Database design is usually carried out on an ad-hoc basis [4,5], whereby a database designer extracts information about the problem domain by interviewing end-users. According to Storey and Goldstein [6] and Storey [3] , two problems could arise with this approach. Firstly, the quality of the design is highly dependent upon the capabilities and skills of the database designer. Secondly, the database designer is usually unfamiliar with the problem domain, and therefore must learn about it from end-users (who may have difficulty in articulating their information needs). One approach to this problem is the use of artificial intelligence technology to develop intelligent design assistants. Sometimes referred to as knowledge-based, computer-aided systems engineering (KB-CASE) tools, they assist a designer by providing advice, suggesting alternative solutions, helping to investigate the consequences of design decisions, and maintaining the availability of the design knowledge by providing information should a design decision be questioned or require explanation in retrospect [7].

Criteria of comparison

The criteria used in this review are a combination of those used in previous surveys by Lloyd-Williams and Beynon-Davies [1,8], Storey [3] and Storey and Goldstein [6], and are as follows:

Representative Approaches

This is by no means the first review article of this kind, with previous papers on the subject being published by Storey and Goldstein [6], Storey [3], and Lloyd-Williams and Beynon-Davies [1,8]. However, this article reviews a set of recently developed tools that have not been covered in previous works, yet exhibit specific points of interest. The tools reviewed here are ODA [7,11], ExpertDB [12], EASIER-EUC [13], and NITDT [14].
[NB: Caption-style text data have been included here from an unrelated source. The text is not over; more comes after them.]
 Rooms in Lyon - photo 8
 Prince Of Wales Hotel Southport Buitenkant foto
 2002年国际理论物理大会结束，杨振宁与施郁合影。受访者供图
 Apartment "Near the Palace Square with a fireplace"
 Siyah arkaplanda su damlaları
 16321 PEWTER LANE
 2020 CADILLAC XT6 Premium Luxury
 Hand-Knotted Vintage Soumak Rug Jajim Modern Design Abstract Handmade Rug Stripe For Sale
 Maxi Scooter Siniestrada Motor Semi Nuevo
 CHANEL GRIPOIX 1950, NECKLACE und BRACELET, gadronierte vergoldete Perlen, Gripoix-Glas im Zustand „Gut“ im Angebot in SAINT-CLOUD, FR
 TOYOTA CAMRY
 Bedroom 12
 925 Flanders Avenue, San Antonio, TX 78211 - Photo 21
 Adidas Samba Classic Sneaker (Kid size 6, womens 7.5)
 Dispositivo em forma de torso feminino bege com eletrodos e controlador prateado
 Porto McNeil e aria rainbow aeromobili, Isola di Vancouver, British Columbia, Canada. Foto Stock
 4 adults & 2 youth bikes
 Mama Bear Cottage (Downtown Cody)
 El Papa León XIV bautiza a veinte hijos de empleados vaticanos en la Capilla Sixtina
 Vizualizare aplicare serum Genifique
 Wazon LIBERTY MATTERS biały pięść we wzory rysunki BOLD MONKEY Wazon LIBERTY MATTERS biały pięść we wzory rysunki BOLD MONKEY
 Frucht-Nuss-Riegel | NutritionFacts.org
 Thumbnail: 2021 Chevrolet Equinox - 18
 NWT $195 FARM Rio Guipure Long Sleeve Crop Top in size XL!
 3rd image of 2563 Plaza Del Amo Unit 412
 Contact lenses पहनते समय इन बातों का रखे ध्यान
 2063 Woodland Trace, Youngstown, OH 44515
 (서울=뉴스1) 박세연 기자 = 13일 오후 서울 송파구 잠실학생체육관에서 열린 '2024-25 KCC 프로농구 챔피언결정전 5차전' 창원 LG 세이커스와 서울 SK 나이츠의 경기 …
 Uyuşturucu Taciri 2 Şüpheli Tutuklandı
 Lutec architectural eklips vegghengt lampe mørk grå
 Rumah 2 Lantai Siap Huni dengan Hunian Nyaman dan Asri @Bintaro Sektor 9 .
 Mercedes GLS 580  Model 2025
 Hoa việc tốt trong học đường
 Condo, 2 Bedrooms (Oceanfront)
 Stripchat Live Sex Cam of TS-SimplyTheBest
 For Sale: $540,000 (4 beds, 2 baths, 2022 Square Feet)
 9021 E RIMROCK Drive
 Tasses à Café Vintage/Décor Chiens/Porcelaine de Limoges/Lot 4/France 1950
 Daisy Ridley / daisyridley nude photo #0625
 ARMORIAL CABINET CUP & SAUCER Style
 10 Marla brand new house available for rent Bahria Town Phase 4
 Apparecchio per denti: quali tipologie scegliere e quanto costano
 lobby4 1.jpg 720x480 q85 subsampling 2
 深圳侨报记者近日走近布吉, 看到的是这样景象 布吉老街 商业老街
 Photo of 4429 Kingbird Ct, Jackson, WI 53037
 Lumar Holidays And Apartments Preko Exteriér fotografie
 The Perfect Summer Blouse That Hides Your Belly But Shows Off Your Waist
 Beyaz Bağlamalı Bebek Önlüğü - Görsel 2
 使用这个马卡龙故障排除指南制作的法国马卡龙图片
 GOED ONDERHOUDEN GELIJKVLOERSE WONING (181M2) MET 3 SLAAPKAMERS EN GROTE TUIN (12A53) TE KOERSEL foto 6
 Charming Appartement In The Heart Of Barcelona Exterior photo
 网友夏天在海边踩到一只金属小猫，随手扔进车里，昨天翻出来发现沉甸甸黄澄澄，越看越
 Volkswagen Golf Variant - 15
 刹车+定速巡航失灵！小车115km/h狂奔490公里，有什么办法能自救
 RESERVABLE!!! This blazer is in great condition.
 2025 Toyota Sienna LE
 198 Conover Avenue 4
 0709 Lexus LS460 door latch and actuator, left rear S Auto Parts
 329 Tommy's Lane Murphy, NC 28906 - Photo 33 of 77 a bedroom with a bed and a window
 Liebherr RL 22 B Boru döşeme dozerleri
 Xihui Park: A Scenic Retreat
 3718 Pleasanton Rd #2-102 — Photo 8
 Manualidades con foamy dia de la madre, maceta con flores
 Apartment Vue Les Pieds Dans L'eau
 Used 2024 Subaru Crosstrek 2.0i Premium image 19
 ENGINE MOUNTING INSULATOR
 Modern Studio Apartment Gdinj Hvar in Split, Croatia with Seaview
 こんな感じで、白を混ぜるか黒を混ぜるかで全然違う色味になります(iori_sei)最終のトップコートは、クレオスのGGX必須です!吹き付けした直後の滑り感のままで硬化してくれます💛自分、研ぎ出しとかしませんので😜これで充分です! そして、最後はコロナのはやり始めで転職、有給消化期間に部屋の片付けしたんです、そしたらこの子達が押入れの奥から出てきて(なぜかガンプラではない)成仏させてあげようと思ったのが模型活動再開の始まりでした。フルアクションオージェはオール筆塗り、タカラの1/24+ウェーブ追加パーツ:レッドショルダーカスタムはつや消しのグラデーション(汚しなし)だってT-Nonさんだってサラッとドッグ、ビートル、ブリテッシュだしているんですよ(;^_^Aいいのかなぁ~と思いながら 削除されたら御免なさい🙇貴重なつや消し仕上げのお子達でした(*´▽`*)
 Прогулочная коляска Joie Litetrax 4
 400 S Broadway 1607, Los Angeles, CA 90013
ODA was selected as this is the only tool that supports the design of object-oriented databases based upon an object-oriented modelling approach. ExpertDB provides a different input approach compared to other tools supporting relational database design, in using functional dependencies as the fundamental input. EASIER-EUC uses a decision tree in its on-line HELP system that is useful in guiding a user through the design process. NITDT was selected as it includes aspects of real world knowledge and specialised knowledge in its knowledge base.

The Object Design Assistant

The Object Design Assistant (ODA) [7,11] was designed to provide support for a systems analyst or database designer in the design of object-oriented databases (OODB). ODA employs aspects of the Object Modelling Technique (OMT) methodology advocated by Rumbaugh et al. [15] to construct the design.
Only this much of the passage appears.